We were so grateful to have Dr. Courtney Lewis, Crandall Family Associate Professor of Anthropology at Duke University and director and founder of the Duke Native American Studies Initiative, enrolled member of Cherokee Nation, join us.
Dr. Lewis talked to us about
the removal of Native children into expressly and explicitly white Christian families
how one third to two thirds of all Native children on reservations were removed and redistributed
how explicit the campaign was to remove Native children to white Christian families so that culture could die—and so could claims to the land
the (genocidal) stats on how the US state used Native children as a way to break Native families and cultures
her own personal relationship to ICWA — her dad helped write it!

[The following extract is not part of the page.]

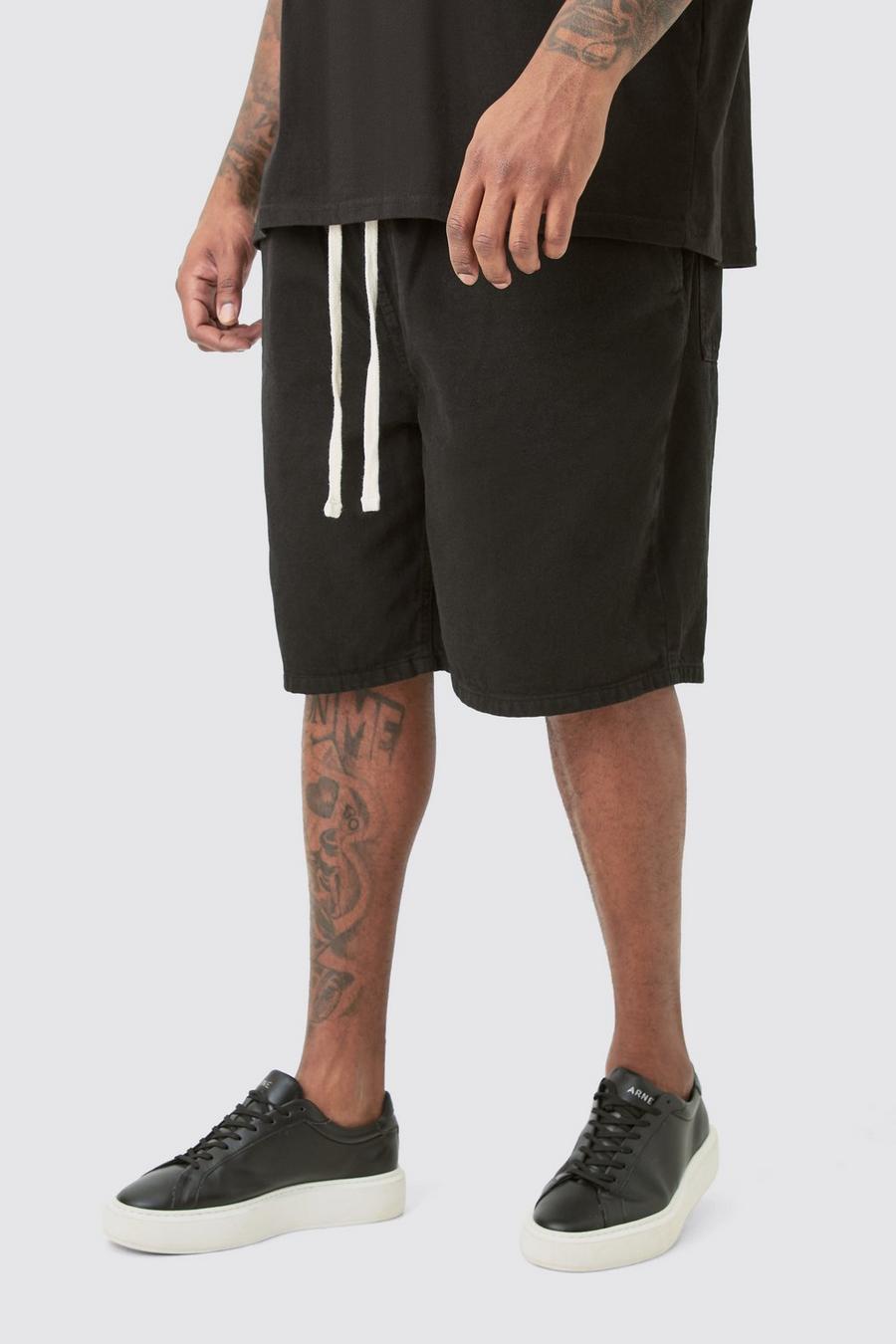 Plus Elasticated Waist Drawcord Detail Slim Fit Shorts In Black image number 1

One of the things Dr. Lewis asked of our nerds—that’s you, dear listener!—is to uplift Native voices with simple actions. She recommended everyone whip out their insta and TikTok, and follow Native content creators. Here’s some of the ones she suggests (we’re using their handles!):
Homework
Timeline of the ICWA (PDF)
Short Vox documentary (above!): How the US stole thousands of Native American children
Dawn Petersen, Indians in the Family: Adoption and the Politics of Antebellum Expansion (HUP: 2017)
Ashley L. Landers, Sharon M. Danes, Avery R. Campbell, Sandy White Hawk, “Abuse after abuse: The recurrent maltreatment of American Indian children in foster care and adoption,” Child Abuse & Neglect, Volume 111 (2021)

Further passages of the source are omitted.